Start of Block

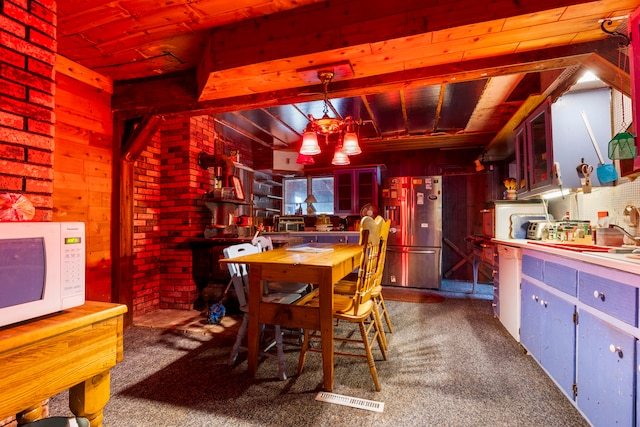 dining room featuring wooden walls, carpet floors, and wood ceiling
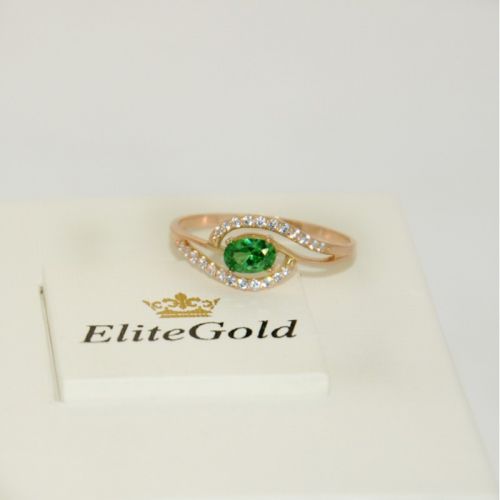 женское дизайнерское кольцо с овальным камнем зеленого цвета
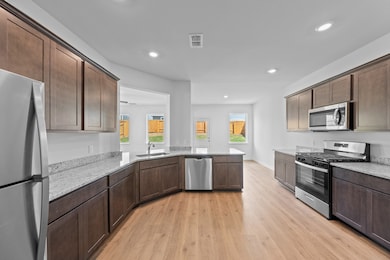 Kitchen featuring appliances with stainless steel finishes, light stone countertops, light wood-style floors, dark brown cabinets, and recessed lighting
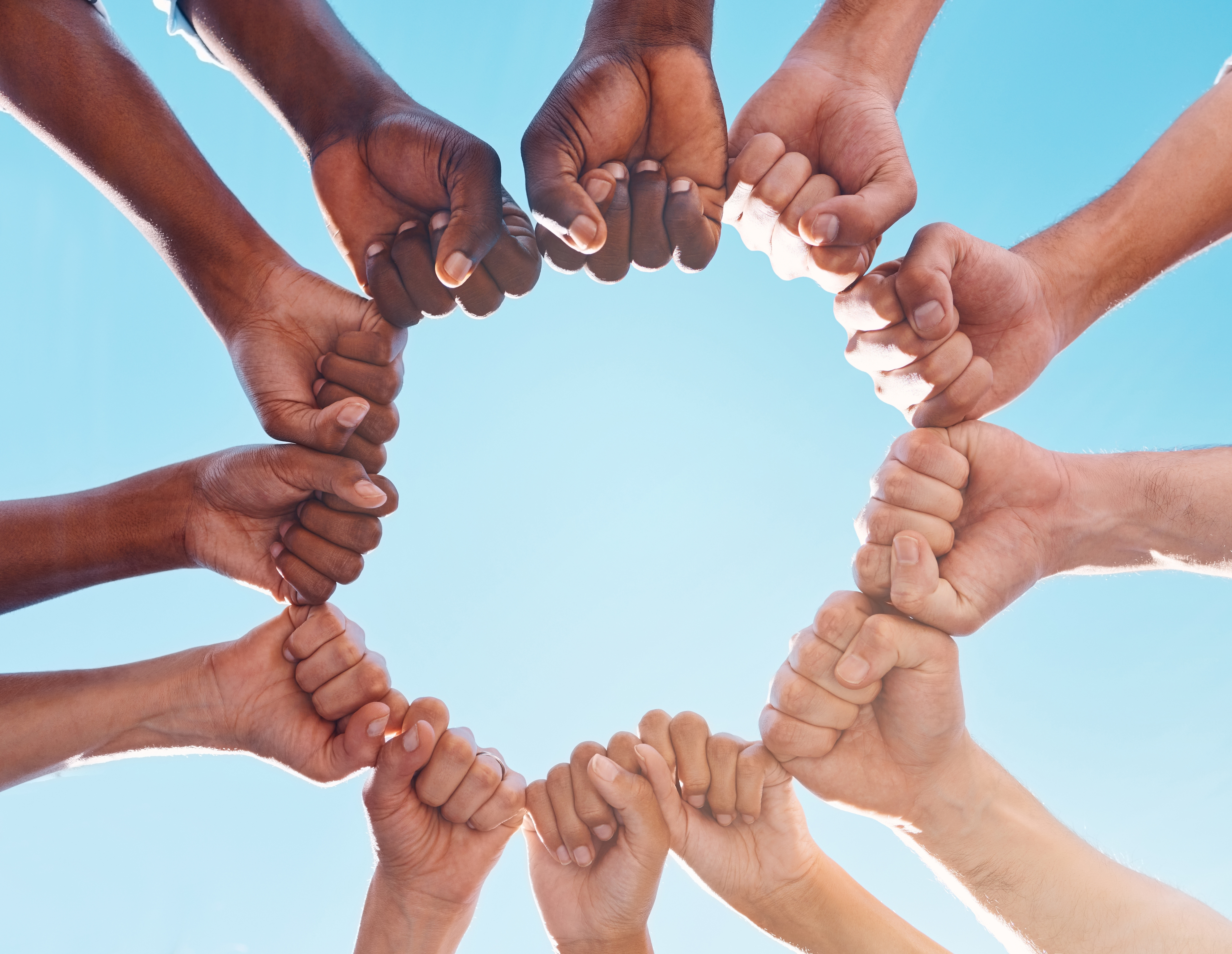 A circle of diverse hands with fists touching against a blue sky.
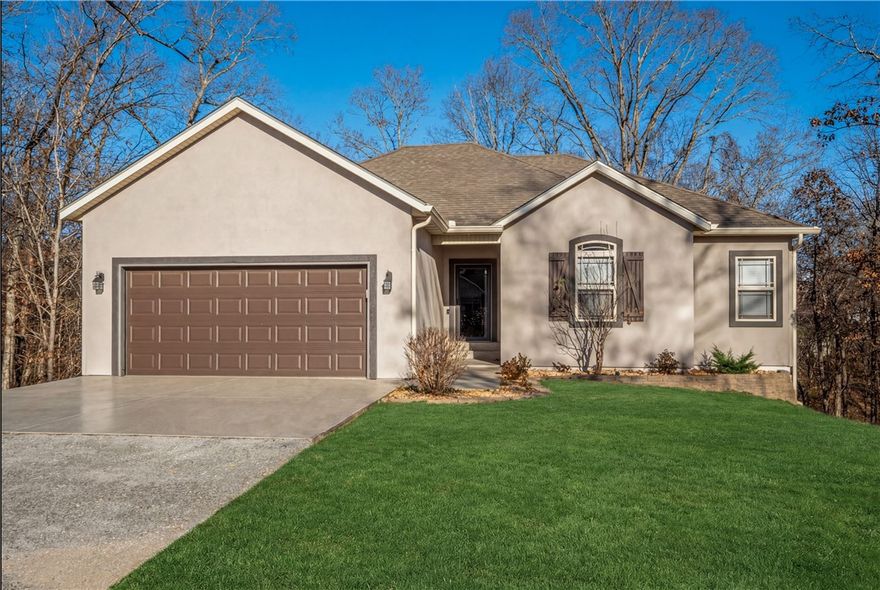 LOCATION!! 1/2 mile from the Back 40 Trail, 1 mile from Metfield Clubhouse, 4 miles from OZ Trails Bike Park, & 8 miles to AWSOM/Downtown Bentonville. This is the one for nature lovers, bike lovers, & Bella Vista enthusiasts! A rare gem on .38 acre, open back yard & partially wooded- completely renovated in the last 3 years. This 2,654sq ft home includes 3 bedrooms, 3 bathrooms, a walkout basement with custom bar and flex room. Enjoy every sunrise and sunset from the 48x12 covered deck (2023)- or from the hot tub on the downstairs patio! You have to see the upgrades! Soaker tub, 3 tiled showers, epoxy garage & driveway & patio, gas stove & fireplace. Washer, dryer, fridge, hot tub, & bar coolers convey. Also listed with two additional lots for a total of 1 acre- MLS #1331540. Open House: Sat, Jan 31, 2p-4p and Sun, Feb 1, 2p-4p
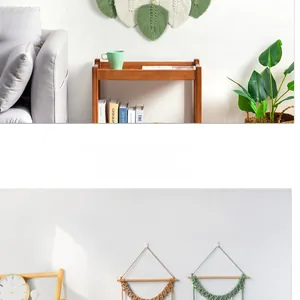 Détails d'une suspension murale en macramé avec feuilles et pompons de style boho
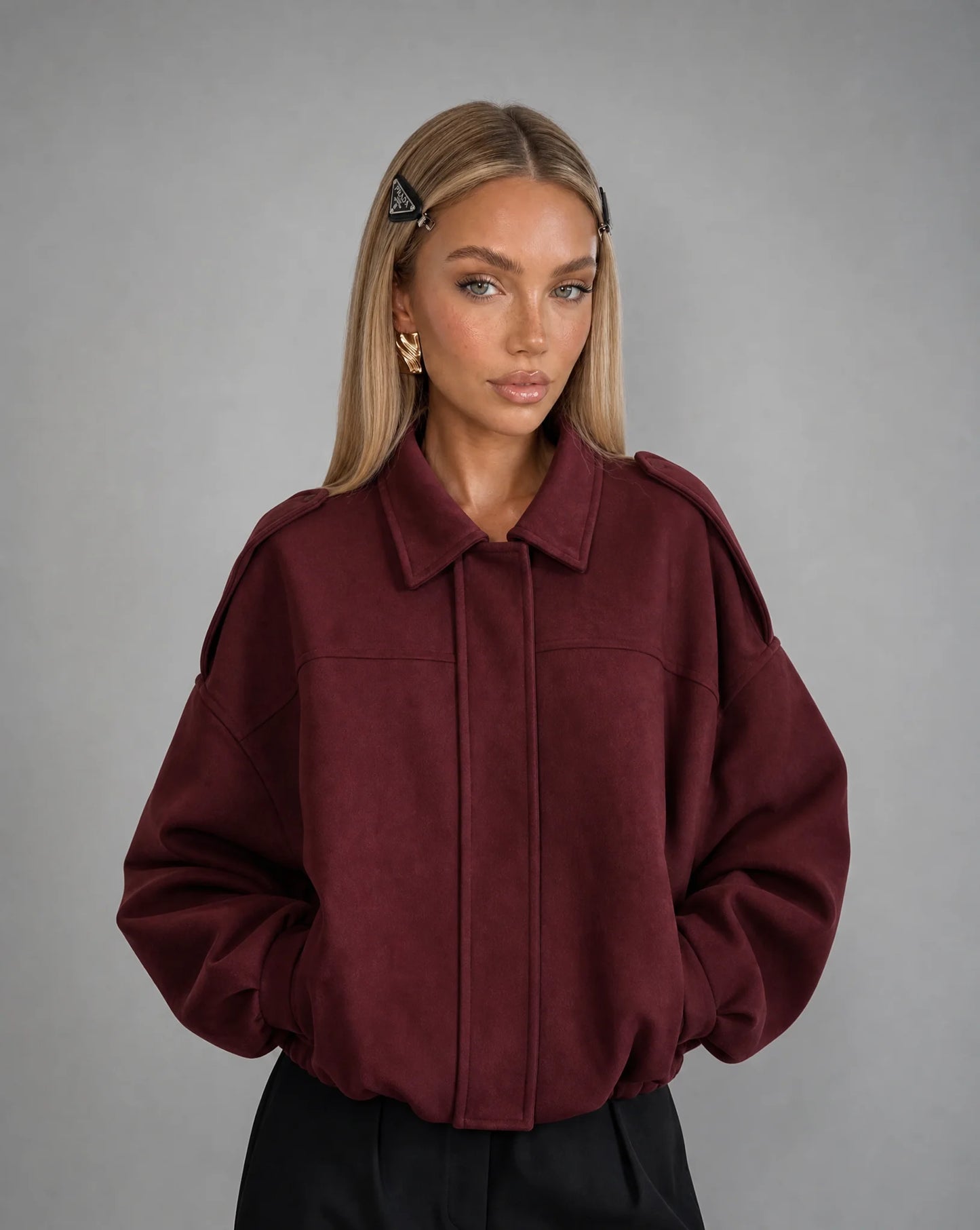 Burgundy suede bomber jacket for women by Ilynora, front view with soft texture and relaxed silhouette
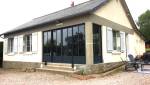 Rénovation de l'entrée d'une maison avec une verrière noire
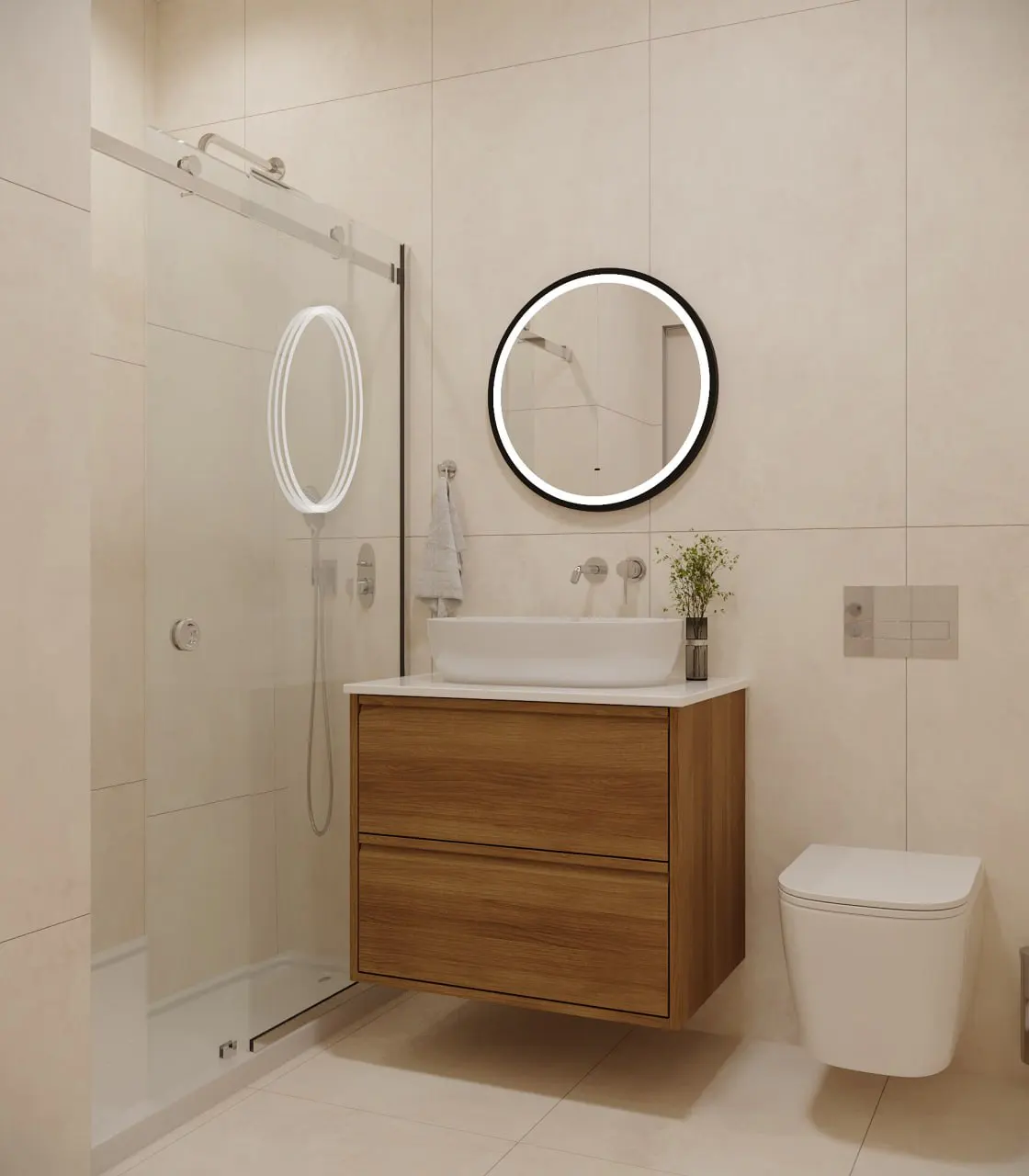 Bright bathroom with a glass shower, wood vanity with a white sink, and an oval mirror with a black frame. A white toilet is on the right.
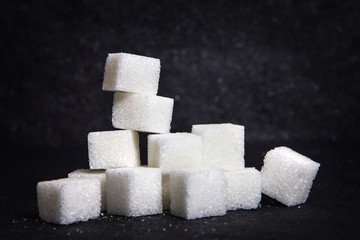 cloose up white sugar cubes on black stone plate background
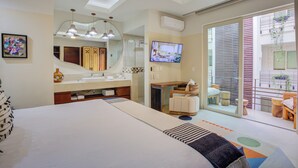 Une chambre d’hôtel moderne dotée d’un grand lit, d’une salle de bain avec un meuble-lavabo, d’une télévision et d’un balcon agrémenté de plantes.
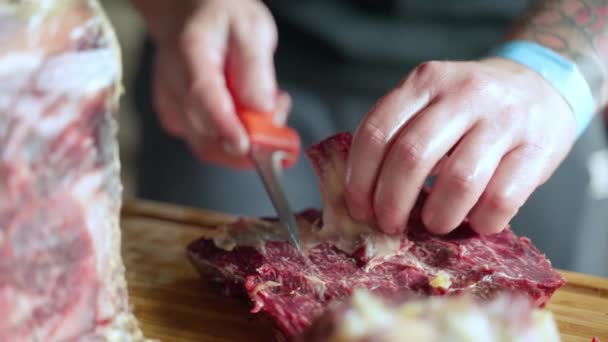 Carniceiro profissional cortando costelas de porco cruas frescas no matadouro e se preparando para a venda, o homem separa a gordura da carne com faca de cozinha na placa de cozimento g. Processo de fabricação de carne, alimentos — Vídeo de Stock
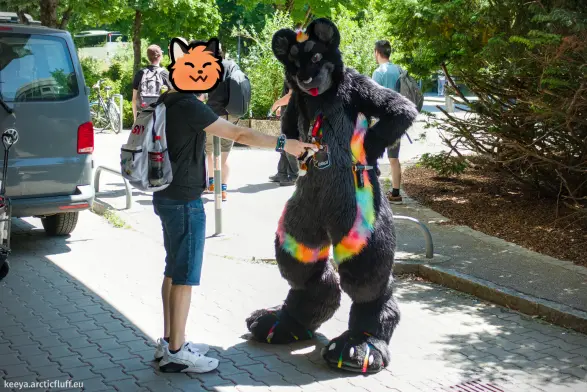 Photo of me in black jaguar fursuit, standing in a parking lot. A friend is booping the nose of a fox plush that I'm wearing on a lanyard around my neck, while I'm standing there with my hands on my hips, looking offended.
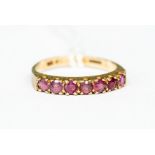A 9ct gold ruby set ladies dress ring set with seven faceted stones, size 'Q'
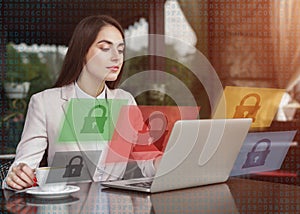 Busy business woman sitting at table in cafe, with cup of coffee and working on laptop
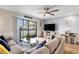 Bright living room with a plush sofa, glass coffee table, ceiling fan, and balcony access at 1210 N Ocean Blvd. # 104, Surfside Beach, SC 29575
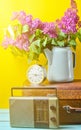 Bouquet of lilacs in enameled kettle on antique suitcase, vintage radio, alarm clock on yellow background. Retro style still life. Royalty Free Stock Photo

End of Block

■ **WHAT TO DO**
Please set the data above down exactly, with the pictures removed.

■ **TASK SOLUTION**
 dining room featuring wooden walls, carpet floors, and wood ceiling
 женское дизайнерское кольцо с овальным камнем зеленого цвета
 Kitchen featuring appliances with stainless steel finishes, light stone countertops, light wood-style floors, dark brown cabinets, and recessed lighting
 A circle of diverse hands with fists touching against a blue sky.
 LOCATION!! 1/2 mile from the Back 40 Trail, 1 mile from Metfield Clubhouse, 4 miles from OZ Trails Bike Park, & 8 miles to AWSOM/Downtown Bentonville. This is the one for nature lovers, bike lovers, & Bella Vista enthusiasts! A rare gem on .38 acre, open back yard & partially wooded- completely renovated in the last 3 years. This 2,654sq ft home includes 3 bedrooms, 3 bathrooms, a walkout basement with custom bar and flex room. Enjoy every sunrise and sunset from the 48x12 covered deck (2023)- or from the hot tub on the downstairs patio! You have to see the upgrades! Soaker tub, 3 tiled showers, epoxy garage & driveway & patio, gas stove & fireplace. Washer, dryer, fridge, hot tub, & bar coolers convey. Also listed with two additional lots for a total of 1 acre- MLS #1331540. Open House: Sat, Jan 31, 2p-4p and Sun, Feb 1, 2p-4p
 Détails d'une suspension murale en macramé avec feuilles et pompons de style boho
 Burgundy suede bomber jacket for women by Ilynora, front view with soft texture and relaxed silhouette
 Rénovation de l'entrée d'une maison avec une verrière noire
 Bright bathroom with a glass shower, wood vanity with a white sink, and an oval mirror with a black frame. A white toilet is on the right.
 cloose up white sugar cubes on black stone plate background
 Une chambre d’hôtel moderne dotée d’un grand lit, d’une salle de bain avec un meuble-lavabo, d’une télévision et d’un balcon agrémenté de plantes.
 Carniceiro profissional cortando costelas de porco cruas frescas no matadouro e se preparando para a venda, o homem separa a gordura da carne com faca de cozinha na placa de cozimento g. Processo de fabricação de carne, alimentos — Vídeo de Stock
 Photo of me in black jaguar fursuit, standing in a parking lot. A friend is booping the nose of a fox plush that I'm wearing on a lanyard around my neck, while I'm standing there with my hands on my hips, looking offended.
A 9ct gold ruby set ladies dress ring set with seven faceted stones, size 'Q'
 Busy business woman sitting at table in cafe, with cup of coffee and working on laptop
 Bright living room with a plush sofa, glass coffee table, ceiling fan, and balcony access at 1210 N Ocean Blvd. # 104, Surfside Beach, SC 29575
 Bouquet of lilacs in enameled kettle on antique suitcase, vintage radio, alarm clock on yellow background. Retro style still life. Royalty Free Stock Photo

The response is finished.